While she was away, his enemies came and tied him with ropes, and left him there tied, still sleeping, alone in the house. They locked the house, and went away, intending to return and kill him when he should awake. Before they came back, his wife returned with aid; and, with machetes and knives, they cut open the door, and found him with his limbs tied, and still sleeping. They roughly shook him, and he, half-conscious, asked, "What do you want here?" His wife replied, "I have come to carry you away." So, she untied the ropes, and they lifted him and carried him away, still too sleepy to walk himself.

While all this was going on, the people of the town to which Ox had fled, asked him, "There were two of you who went to dance Bweti. You are here, but where is the other?" Ox, assuming that Antelope was dead, and not knowing what Antelope's wife had done, told how he had been unable to waken him, and said, "Eziwo was killed while asleep." Then the village people said regretfully, "Eh!

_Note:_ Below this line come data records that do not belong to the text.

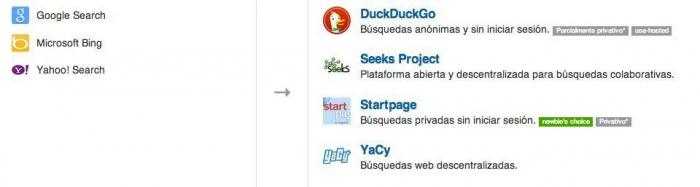 Google y el derecho al olvido en Internet: o se va de España o borra los enlaces con datos personales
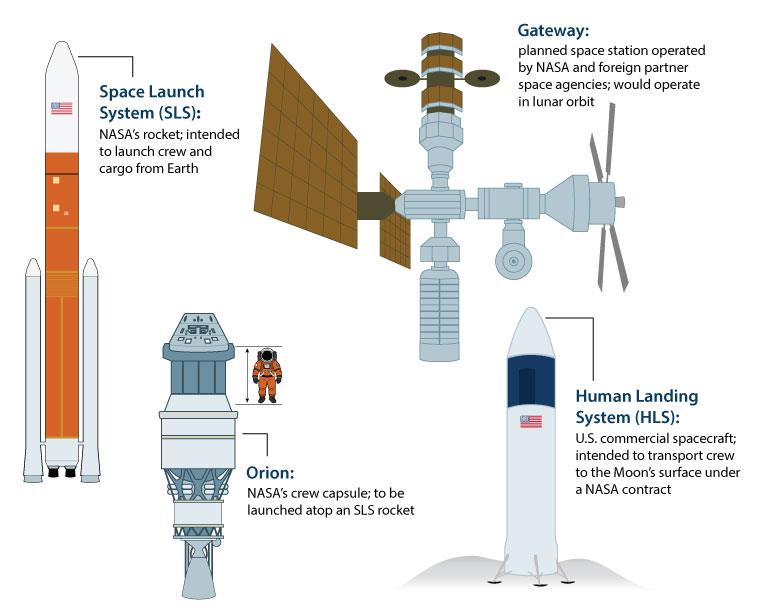 Diagram by Every CRS Report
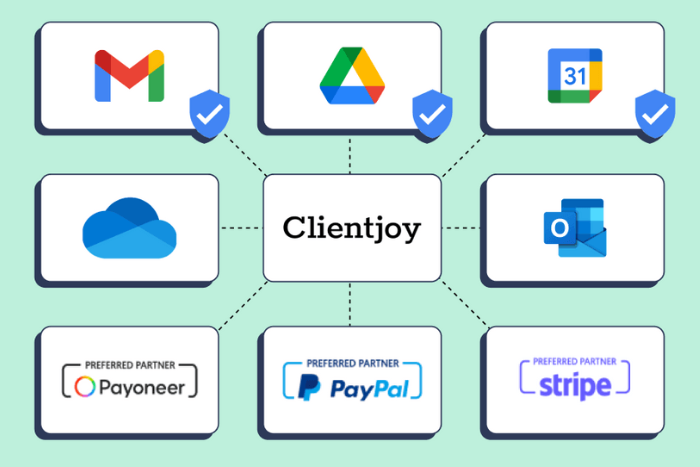 Clientjoy Email and Calendar Integrations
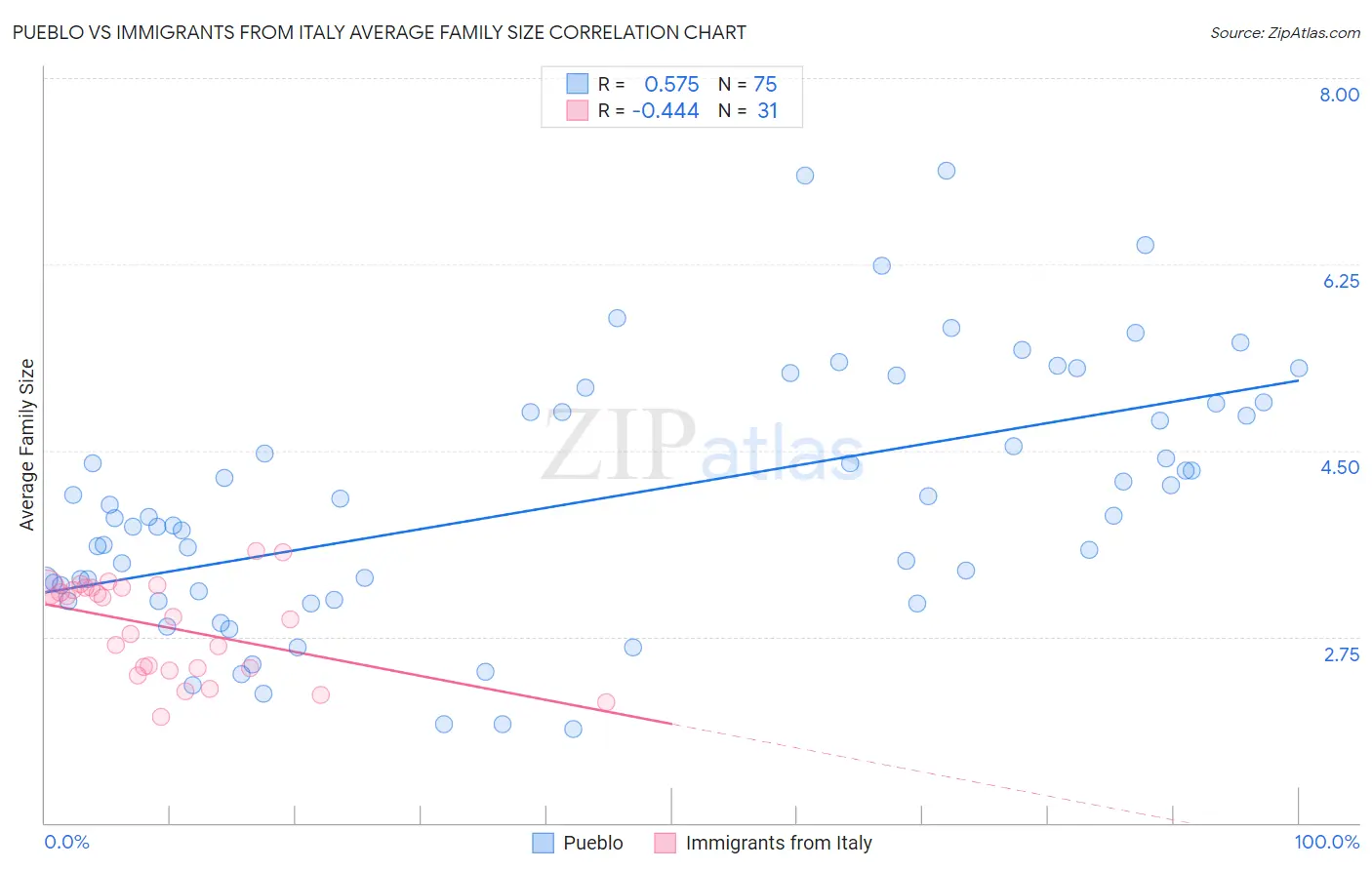 Pueblo vs Immigrants from Italy Average Family Size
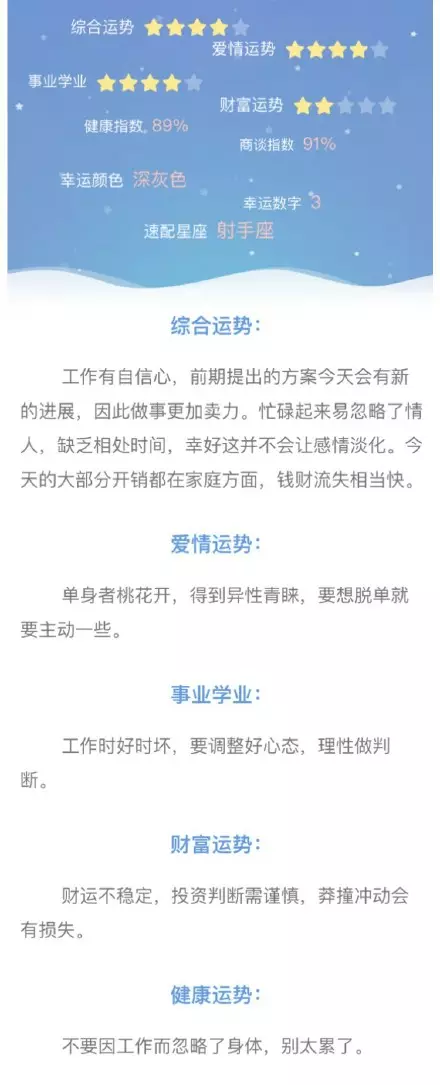 2、双子座运势:双子座学习运势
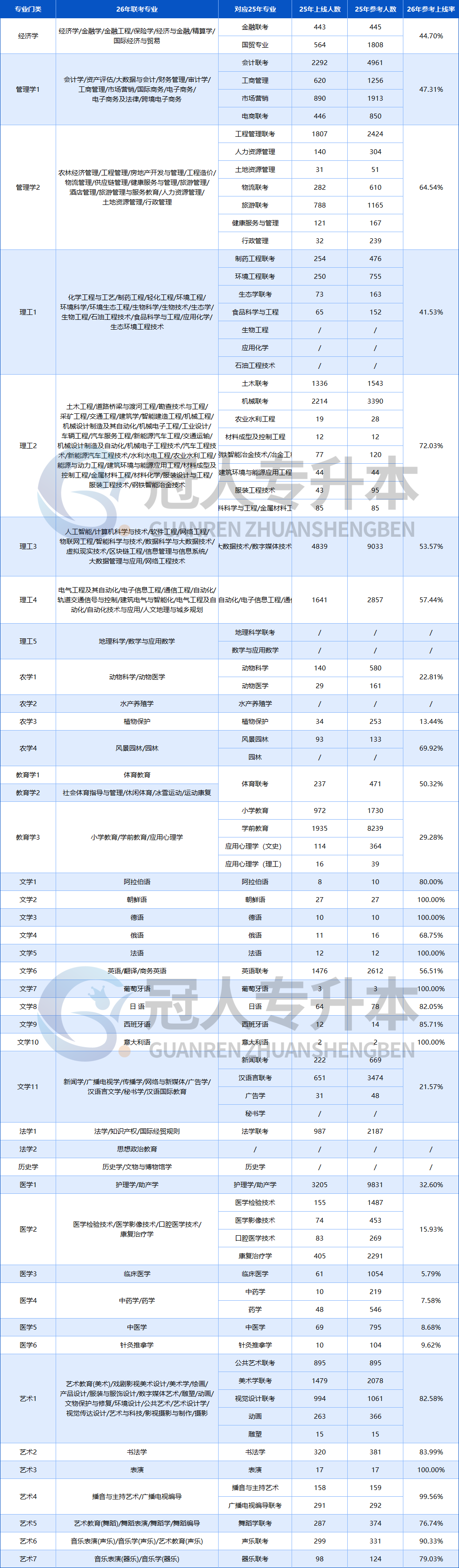 一键收藏!各专业门类上岸难度大比拼,26年上岸难度如何?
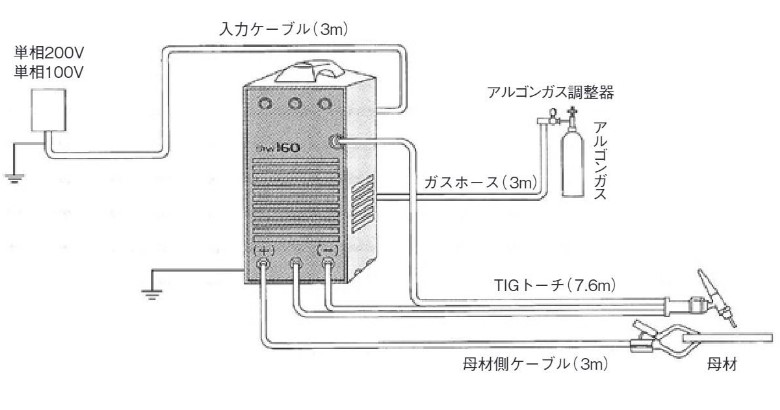 溶接機-アルゴン（TIG）溶接機｜レンタルのタマムラ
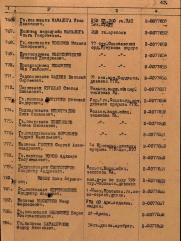 Мясников Меер Фейтелевич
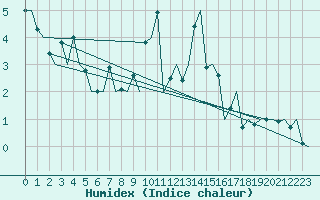 Courbe de l'humidex pour Gilze-Rijen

Eziwo! Sleep has killed him!"

In the meantime, Antelope and his wife had reached the town, where the news of his death had preceded them; and the people wondered, saying, "Nyare reported that you were cut to pieces!" Then Antelope's wife explained that he would have been killed, because Ox had not made every effort to arouse him from his deep sleep.

So the friendship of Ox and Antelope ended. And the proverb came, that, "Eziwo died of sleep."